[[ Data in this exercise open ]]

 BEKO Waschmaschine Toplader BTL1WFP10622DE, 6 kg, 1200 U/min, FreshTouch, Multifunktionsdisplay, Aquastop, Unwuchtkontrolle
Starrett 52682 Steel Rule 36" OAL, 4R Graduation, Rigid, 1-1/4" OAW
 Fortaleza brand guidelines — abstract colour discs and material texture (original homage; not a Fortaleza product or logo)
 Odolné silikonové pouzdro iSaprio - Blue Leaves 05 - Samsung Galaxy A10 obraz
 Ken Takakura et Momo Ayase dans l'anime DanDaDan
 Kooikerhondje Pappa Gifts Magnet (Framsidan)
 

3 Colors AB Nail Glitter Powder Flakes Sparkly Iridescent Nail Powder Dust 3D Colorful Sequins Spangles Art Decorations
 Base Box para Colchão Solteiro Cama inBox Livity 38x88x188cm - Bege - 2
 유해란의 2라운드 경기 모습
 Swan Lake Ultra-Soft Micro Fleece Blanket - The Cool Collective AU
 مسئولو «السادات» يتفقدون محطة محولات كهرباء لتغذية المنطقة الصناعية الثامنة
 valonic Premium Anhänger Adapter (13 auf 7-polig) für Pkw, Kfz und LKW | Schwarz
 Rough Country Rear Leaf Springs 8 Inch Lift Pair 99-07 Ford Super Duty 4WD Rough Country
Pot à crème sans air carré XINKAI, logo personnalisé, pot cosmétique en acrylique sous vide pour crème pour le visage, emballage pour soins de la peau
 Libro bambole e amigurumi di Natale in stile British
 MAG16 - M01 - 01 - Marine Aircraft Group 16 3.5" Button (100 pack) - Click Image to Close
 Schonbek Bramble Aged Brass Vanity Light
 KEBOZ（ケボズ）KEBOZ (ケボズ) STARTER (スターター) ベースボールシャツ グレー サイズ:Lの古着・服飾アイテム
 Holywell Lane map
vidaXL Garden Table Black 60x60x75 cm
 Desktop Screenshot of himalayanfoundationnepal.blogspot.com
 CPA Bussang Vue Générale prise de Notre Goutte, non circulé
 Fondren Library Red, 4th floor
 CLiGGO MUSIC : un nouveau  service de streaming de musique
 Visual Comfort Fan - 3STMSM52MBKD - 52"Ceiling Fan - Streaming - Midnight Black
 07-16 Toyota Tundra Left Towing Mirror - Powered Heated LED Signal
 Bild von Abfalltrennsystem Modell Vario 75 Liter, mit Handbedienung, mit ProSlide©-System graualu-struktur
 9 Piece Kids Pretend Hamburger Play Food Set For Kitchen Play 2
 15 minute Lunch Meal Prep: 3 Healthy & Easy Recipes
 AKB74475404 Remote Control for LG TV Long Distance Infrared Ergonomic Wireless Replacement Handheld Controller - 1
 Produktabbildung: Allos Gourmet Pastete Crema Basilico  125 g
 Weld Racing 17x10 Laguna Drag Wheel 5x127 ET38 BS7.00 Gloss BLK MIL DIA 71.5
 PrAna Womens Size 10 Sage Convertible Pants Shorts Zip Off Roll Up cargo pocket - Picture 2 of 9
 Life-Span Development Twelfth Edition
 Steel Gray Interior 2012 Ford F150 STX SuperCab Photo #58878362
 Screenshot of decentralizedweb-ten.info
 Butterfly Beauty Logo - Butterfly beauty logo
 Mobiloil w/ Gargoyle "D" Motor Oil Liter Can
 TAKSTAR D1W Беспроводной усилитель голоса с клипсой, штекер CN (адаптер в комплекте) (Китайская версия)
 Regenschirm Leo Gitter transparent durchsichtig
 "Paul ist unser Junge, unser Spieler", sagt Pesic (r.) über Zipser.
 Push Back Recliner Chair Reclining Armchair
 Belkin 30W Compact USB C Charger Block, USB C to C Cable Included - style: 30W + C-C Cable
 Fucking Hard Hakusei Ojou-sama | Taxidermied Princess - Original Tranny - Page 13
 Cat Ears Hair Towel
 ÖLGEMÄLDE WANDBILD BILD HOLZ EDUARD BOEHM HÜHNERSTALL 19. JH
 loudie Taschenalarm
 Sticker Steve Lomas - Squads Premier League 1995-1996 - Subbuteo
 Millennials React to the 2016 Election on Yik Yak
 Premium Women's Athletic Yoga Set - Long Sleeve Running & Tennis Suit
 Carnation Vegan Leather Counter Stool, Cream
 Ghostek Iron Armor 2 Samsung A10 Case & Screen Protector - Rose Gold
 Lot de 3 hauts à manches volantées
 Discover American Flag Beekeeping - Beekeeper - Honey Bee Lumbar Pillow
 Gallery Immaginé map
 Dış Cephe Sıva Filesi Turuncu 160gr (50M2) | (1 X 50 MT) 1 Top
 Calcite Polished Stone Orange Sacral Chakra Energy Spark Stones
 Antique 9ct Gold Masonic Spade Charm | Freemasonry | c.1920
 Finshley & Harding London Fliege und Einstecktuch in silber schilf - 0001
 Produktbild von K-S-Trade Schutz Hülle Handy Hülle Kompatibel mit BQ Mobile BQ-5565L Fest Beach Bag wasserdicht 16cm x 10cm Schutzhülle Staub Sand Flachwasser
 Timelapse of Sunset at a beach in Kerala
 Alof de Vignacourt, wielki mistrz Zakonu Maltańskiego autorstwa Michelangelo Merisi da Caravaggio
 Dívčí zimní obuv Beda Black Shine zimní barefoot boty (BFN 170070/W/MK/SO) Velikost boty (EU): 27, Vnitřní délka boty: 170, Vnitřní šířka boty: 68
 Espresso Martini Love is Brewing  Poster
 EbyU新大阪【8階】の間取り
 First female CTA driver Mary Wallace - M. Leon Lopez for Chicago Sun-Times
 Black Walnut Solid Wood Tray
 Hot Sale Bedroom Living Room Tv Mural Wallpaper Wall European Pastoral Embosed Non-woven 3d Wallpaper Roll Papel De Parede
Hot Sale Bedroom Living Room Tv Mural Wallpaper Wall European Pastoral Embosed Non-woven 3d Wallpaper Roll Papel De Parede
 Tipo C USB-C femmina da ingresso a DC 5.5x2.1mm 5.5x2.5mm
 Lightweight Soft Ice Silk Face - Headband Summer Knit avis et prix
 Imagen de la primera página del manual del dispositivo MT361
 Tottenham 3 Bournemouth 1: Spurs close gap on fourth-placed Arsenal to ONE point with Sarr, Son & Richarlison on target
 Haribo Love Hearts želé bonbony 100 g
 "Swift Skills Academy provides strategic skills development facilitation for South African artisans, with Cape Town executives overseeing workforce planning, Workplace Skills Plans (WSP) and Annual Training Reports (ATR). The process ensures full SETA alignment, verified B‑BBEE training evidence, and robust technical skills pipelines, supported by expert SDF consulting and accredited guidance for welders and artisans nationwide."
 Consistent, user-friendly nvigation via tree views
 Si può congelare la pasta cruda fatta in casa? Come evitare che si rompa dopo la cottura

[[ Data in this exercise closed ]]

> **Instructions to follow**
Which lines above contain the word "Screenshot"? Copy all of them.

> **Task solution**
 Desktop Screenshot of himalayanfoundationnepal.blogspot.com
 Screenshot of decentralizedweb-ten.info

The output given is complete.